Ah, now I understand.  He is concerned that their right to learn is being usurped by our right to shriek.  Point taken, Davi.  I hear my Call of Duty. I stand, signal the class to order, and commence a lecture about freedom and consideration.  

“This is not exactly a free country, you know.”  My attention-grabbing lead.  “The problem is that whatever we want with our freedom might be something that’s not good for someone else.  I believe it was Oliver Wendell Holmes who said something like, “My freedom to swing my fist ends at the tip of your nose.”  (Note: I’ve since discovered that the source of the quote is under debate, though not the concept). “He meant that we don’t really live in a completely free country.  There are limits to our liberty.  We don’t have the freedom to take away someone else’s rights or to do things that hurt other people.” The class listens earnestly, though undoubtedly puzzled by references to fists and some guy named Holmes.   I realize I’m not really talking to them. I’m reminding myself of an issue I’m struggling with.  

  What I’m wondering these days is how to manage having and giving freedom without letting it morph into chaos.  Or worse, inactivity.  The thing about freedom is that it gives people a sense of wildness. In some ways that’s great.  Wildness leads to big discoveries and leaps of imagination.  But sometimes wildness leads us to focus on ourselves and neglect the needs of others.  We think there aren’t any rules, and that allows us to do whatever we want.    

    Today I gave some freedom in writers’ workshop.  I wanted to unleash the wild writing that writers do when they are on their own, not completing someone else’s assignment, but working on what excites them.  We’ve been calling them “Free Write Tuesdays,” since the start of the year. The problem is that if you just fling open the cage door, the wild creature bolts free, but doesn’t necessarily know where to go or how to act.  That can happen in a classroom.  Instead of seeing the time as an opportunity to write something that didn’t fit a school assignment, some writers could take the opportunity to do nothing or to do something that prevents other people from doing what they want to do.  It doesn’t seem smart for me to carve out time for that result.  Other wiser teachers in my school have taken this on more gradually.  They’ve maintained some structure.  Me, not so much.  Now I’m wondering how I can cultivate that ideal workshop atmosphere on our “Free Writing Tuesdays,” the atmosphere that leads people to do things that allow them to grow and thrive without infringing on other people’s rights in that process.

Because it’s a free country…sort of, I’ll choose to highlight two images from today’s workshop.  Maybe they’ll lead us in a positive direction.

I spied on Ryan, perched alone on the window sill writing his story.  After a few moments I decided to interrupt.  He told me he was working on a story about three kids who discover a data stick with information about an alien crime.  “They weren’t setting out to be heroes,” Ryan said, “but when they found this information, they knew they had to do something.”  Ryan seemed to know, without being taught, that the main characters in fantasy stories are often ordinary people, reluctant heroes, free to ignore the information perhaps, but somehow compelled to act.

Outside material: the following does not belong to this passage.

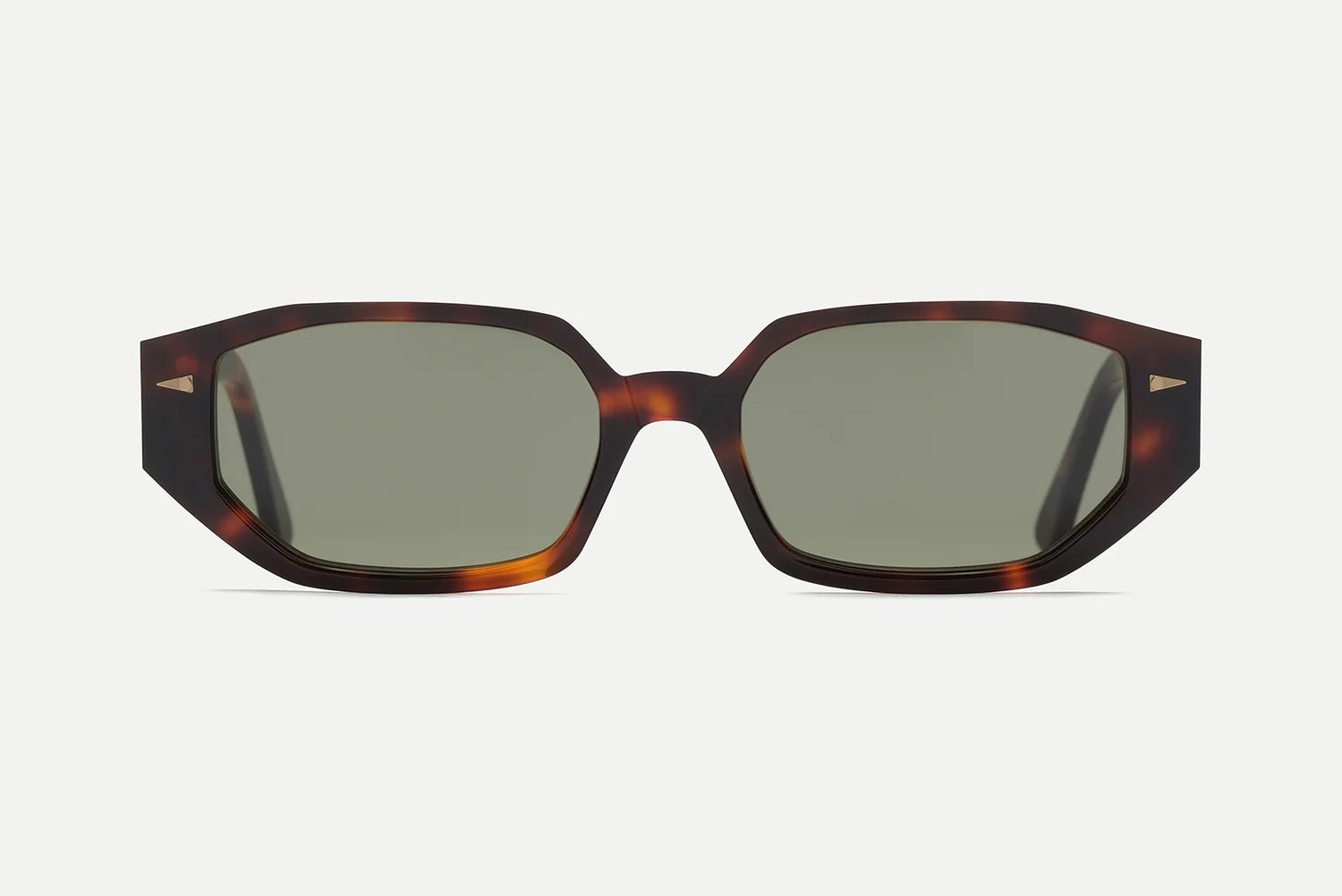 Front view of the AHLEM Poitou sunglasses by AHLEM, featuring oversized geometric tortoiseshell frames and dark green lenses, handcrafted from premium Italian acetate with 22k gold hardware accents, displayed on a white background.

I also loved the image of Emerson, her back to the classroom, standing at the blue counter, paintbrush in hand, copying a Georgia O’Keeffe desert painting.  She told me she planned to keep the red-orange desert background (“It’s pretty.”), but she had her own ideas about the foreground.  “I want it to be a cactus instead.”  Right, Emerson, instead of that ugly old tree that O’Keeffe had painted.  I loved the youthful audacity.  So American.  She could, if she wanted, tweak an O’Keeffe and maybe make it a little better.  

Well, it’s a free country…at least on Tuesdays.

We Need to Argue

I was presenting at a staff development meeting today, when a fellow teacher recommended an article from the New York Times.  We had been working on essay writing, and with it, we’d been doing some debating.  We were talking about how debates are really oral essays, with claims, reasons and evidence, but we were also talking about how we need to frame our arguments, not so much as contests, where the only goal is winning, but as exchanges of ideas (or sparring matches, if you’re more competitive), where the goal is to develop stronger arguments or new understandings.  


The article, by Adam Grant, uses the example of Orville and Wilbur Wright to make the case for constructive arguing.  The famous brothers sparred frequently, but those debates often led to big breakthroughs.  Among the many good points Grant made in the piece, this one hit home for me:  

Children need to learn the value of thoughtful disagreement. Sadly, many parents teach kids that if they disagree with someone, it’s polite to hold their tongues. Rubbish. We can also help by having disagreements openly in front of our kids.

The article reminded me of my family’s mealtimes when I was a kid. Visitors often found us a bit odd.  Breakfasts during my childhood were nearly always silent, even on weekends.  We ate together, we just didn’t usually speak.  Each of us, my parents, my sister, and I grabbed our  preferred section of the Washington Post, opened the paper, and dove in.  At breakfast we read, pausing occasionally to nibble.  It was the time for gathering information.  

We were a family of introverts, but that didn’t mean that all meals were silent.  As a matter of fact, dinner was far from quiet.  Many a meal began with “How was your day?” or “What did you learn today?” but those questions generally served as pregame warm-ups or the under card.  The main event generally grew out of some issue at one of my parents’ jobs or something from the morning newspaper.  My parents liked to spar.  Once in awhile, like the Wright Brothers’ discussions, the conversations got “kind of hot,” but they rarely devolved to a fight.  I found the discussions fascinating, even though I didn’t always understand the subtleties of the disagreements.  I think my older sister found them pretty entertaining, too.  Sometimes, just for fun, she’d inject a question about affirmative action (one of our parents’ favorite bones of contention), just to watch the sparks fly.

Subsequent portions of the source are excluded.